Our results illustrate that while genetic modifiers associated with the B6 background seem to be essential for the heart function at early stages of postnatal life, that is not the case in the adulthood since the adult cardiac phenotype does not show significant variability. The studied genetic backgrounds did not have an important impact in either growth alterations or facial dysmorphism.19 Heterozygous mice, regardless of the genetic background, displayed similar facial dysmorphism, body weight and length compared to the wild-type littermates.[19] However, 129 homozygous K-RasV14I mice displayed bigger reduction in body weight and length compared to B6/129 mixed background. Similar to growth alterations, 129 homozygous mice displayed higher craniofacial alterations than the mixed background.[19]

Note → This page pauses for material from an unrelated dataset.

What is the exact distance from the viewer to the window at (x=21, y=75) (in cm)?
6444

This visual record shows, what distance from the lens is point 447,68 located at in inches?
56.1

In contrast, the progression of the MPD was affected by differences in the genetic background. The haematopoietic alterations (splenomegaly, leukocytosis, and anemia) were more severe in B6 K-Ras+/V14I mice. The increase of spleen weight and spleen/body weight ratio was bigger in B6 K-Ras+/V14I mice compared to the mixed B6/129 K-Ras+/V14I mice. However, the MPD was ameliorated in 129 K-RasV14I mice, resulting in a longer survival rate. It still remains to be addressed whether this is due to a slower progression of the MPD and/or to a longer period of latency.

The lack of a perfect genotype-phenotype correlation in human patients leads to speculation on phenotypes influenced by genetic modifiers. All of these data suggest that incomplete penetrance reflects strain-specific modifiers. Future studies need to focus on the identification of genetic modifiers that may explain the wide phenotypic variability observed in these patients. Genomic scans using single nucleotide polymorphism (SNP) panels should help to determine the presence of modifiers responsible for the variable penetrance. Moreover, the study of mutant mouse models under different genetic backgrounds will help to elucidate the existence of potential genetic modifiers.

A better understanding of an individual's risk for a given phenotype will lead to a more focused prevention and better and more specific treatments. Furthermore, identification of genetic modifiers will improve the treatment of patients and, in some cases, may improve survival.

Materials and Methods

Mice

Animal use was in accordance with the animal care standards established by the European Union. All the experiments were reviewed and approved by the Animal Care Committee of the Institute of Health Carlos III. The inbred strains were purchased from Harlan, the Netherlands (C57BL/6J.OlaHsd) and from Charles River, Germany (129S2/SvPasCrl). The K-RasV14I strain has previously been described.[19]

Blood analysis

Blood collection from the renal vein was used as a terminal method of blood extraction during the necropsy. The blood was obtained using EDTA-tubes and blood populations were quantified using a blood analyzer (Abacus Junior Vet).

MEK inhibitor treatment

The MEK inhibitor PD0325901 (Wuhan Sunrise Technology Development Company, Ltd) was prepared and administrated as previously described.[19]

Statistical Analyses

Results were expressed as mean ± SD. K-Ras and K-RasV14I were compared with K-Ras+/+ mice using a 2-tailed Student's test. A P value less than 0.05 was considered significant.